*Prompt*
Give back the whole listing word for word and skip each picture.

*Listed records*
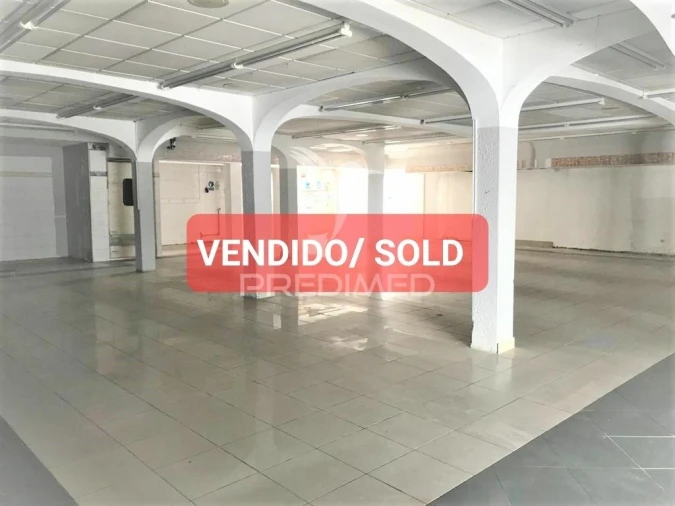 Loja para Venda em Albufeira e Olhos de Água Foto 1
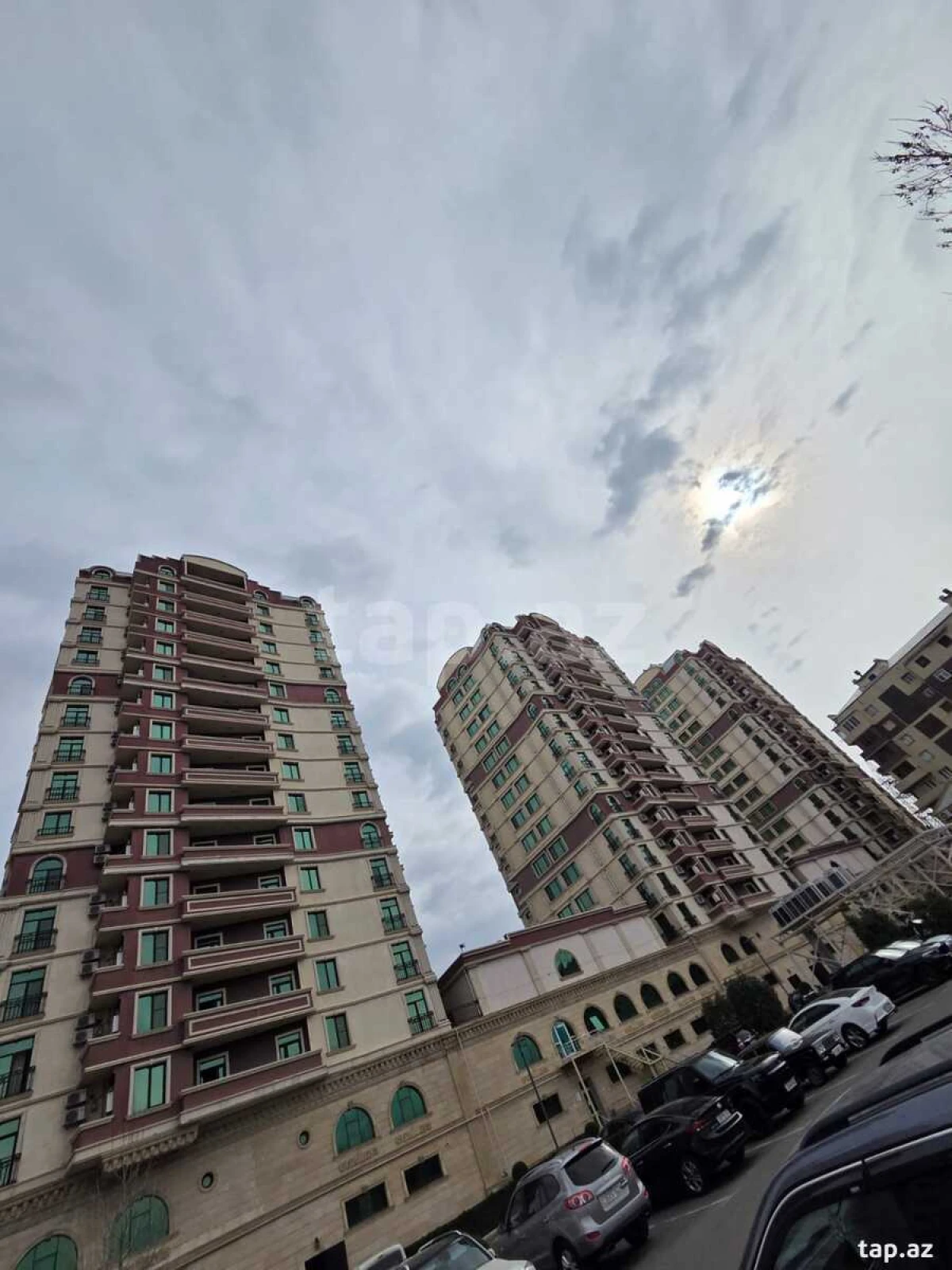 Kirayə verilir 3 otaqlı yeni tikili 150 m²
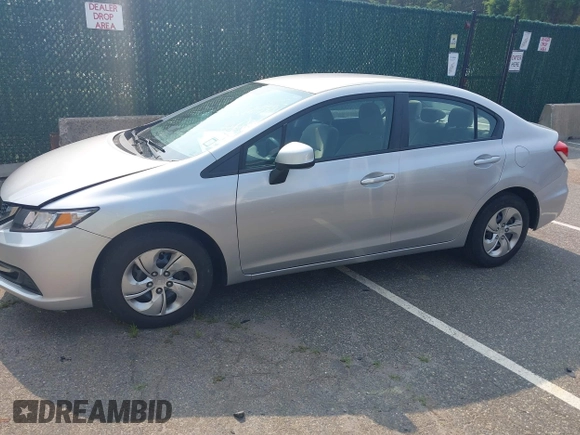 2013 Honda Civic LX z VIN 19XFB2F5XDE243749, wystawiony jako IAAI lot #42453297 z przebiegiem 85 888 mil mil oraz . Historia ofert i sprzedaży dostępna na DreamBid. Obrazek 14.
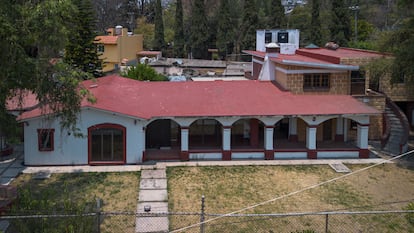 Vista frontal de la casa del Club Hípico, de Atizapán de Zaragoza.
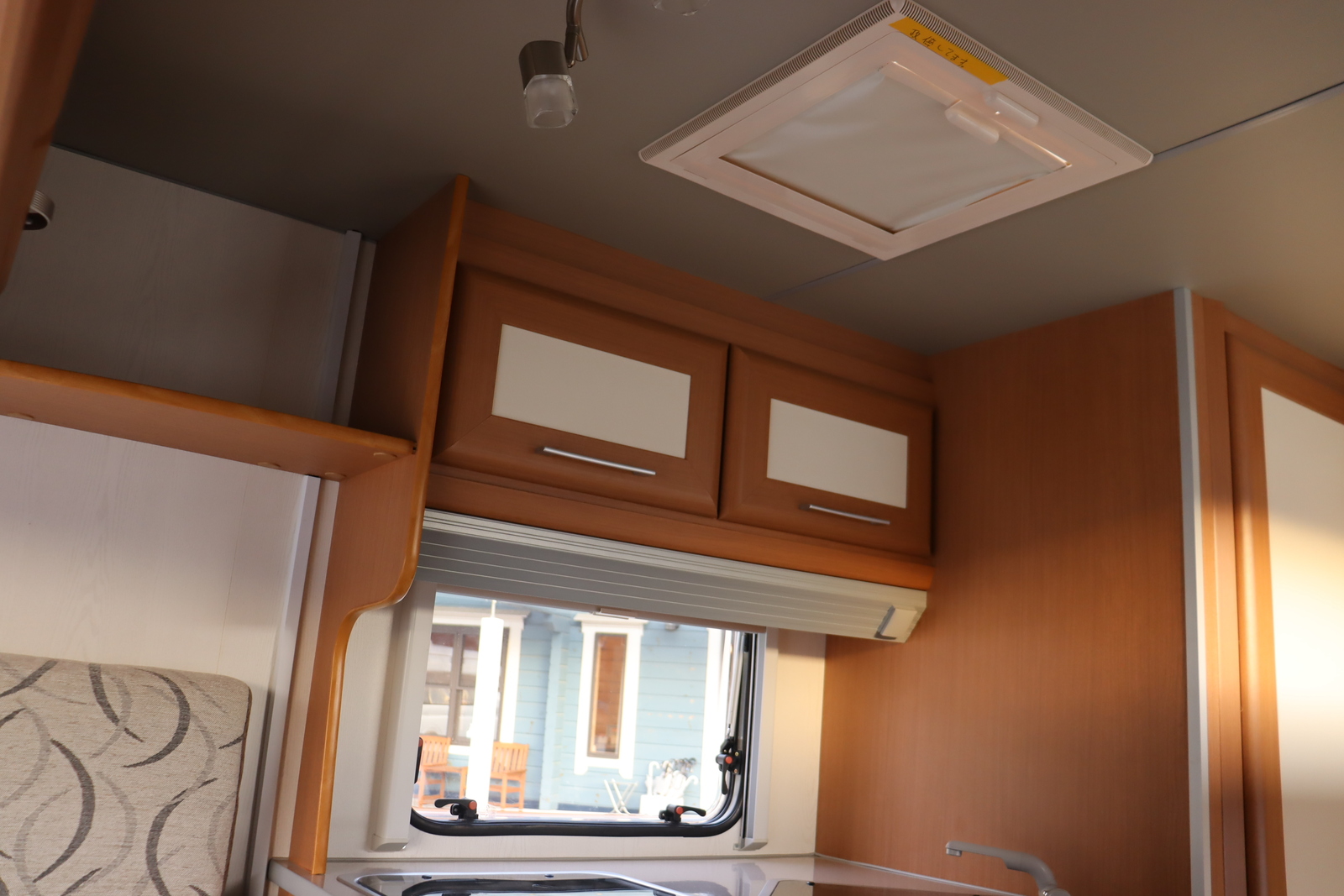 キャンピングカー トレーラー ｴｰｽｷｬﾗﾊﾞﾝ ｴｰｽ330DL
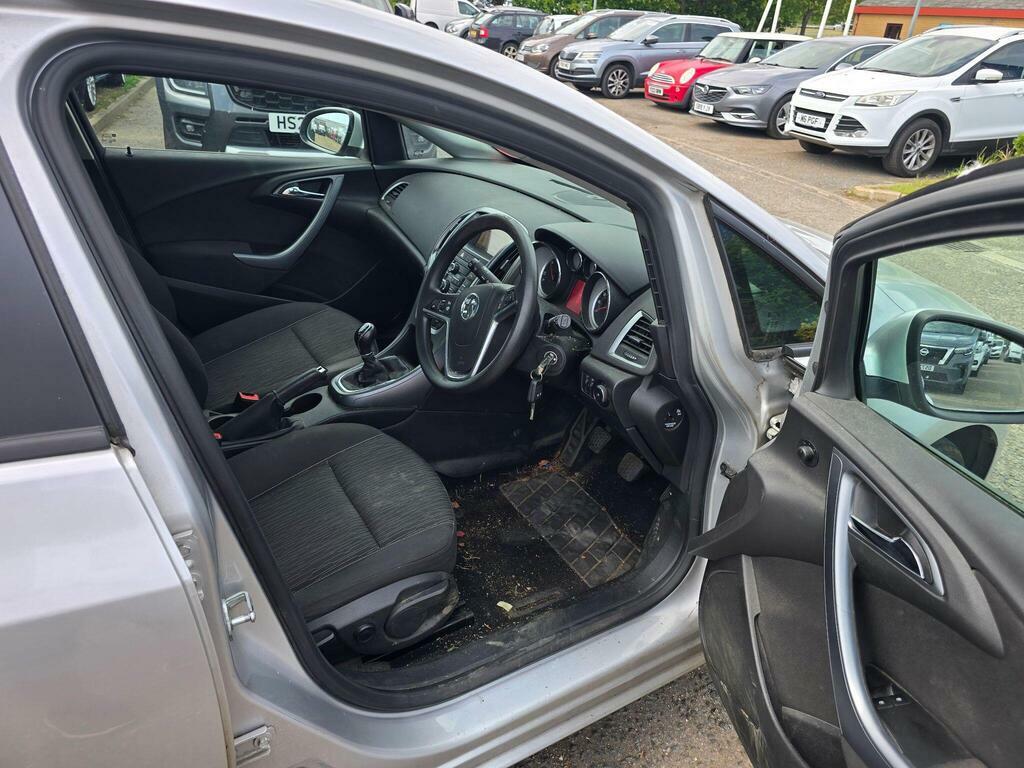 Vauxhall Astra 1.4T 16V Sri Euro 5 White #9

*Output for this exercise*
 Loja para Venda em Albufeira e Olhos de Água Foto 1
 Kirayə verilir 3 otaqlı yeni tikili 150 m²
 2013 Honda Civic LX z VIN 19XFB2F5XDE243749, wystawiony jako IAAI lot #42453297 z przebiegiem 85 888 mil mil oraz . Historia ofert i sprzedaży dostępna na DreamBid. Obrazek 14.
 Vista frontal de la casa del Club Hípico, de Atizapán de Zaragoza.
 キャンピングカー トレーラー ｴｰｽｷｬﾗﾊﾞﾝ ｴｰｽ330DL
 Vauxhall Astra 1.4T 16V Sri Euro 5 White #9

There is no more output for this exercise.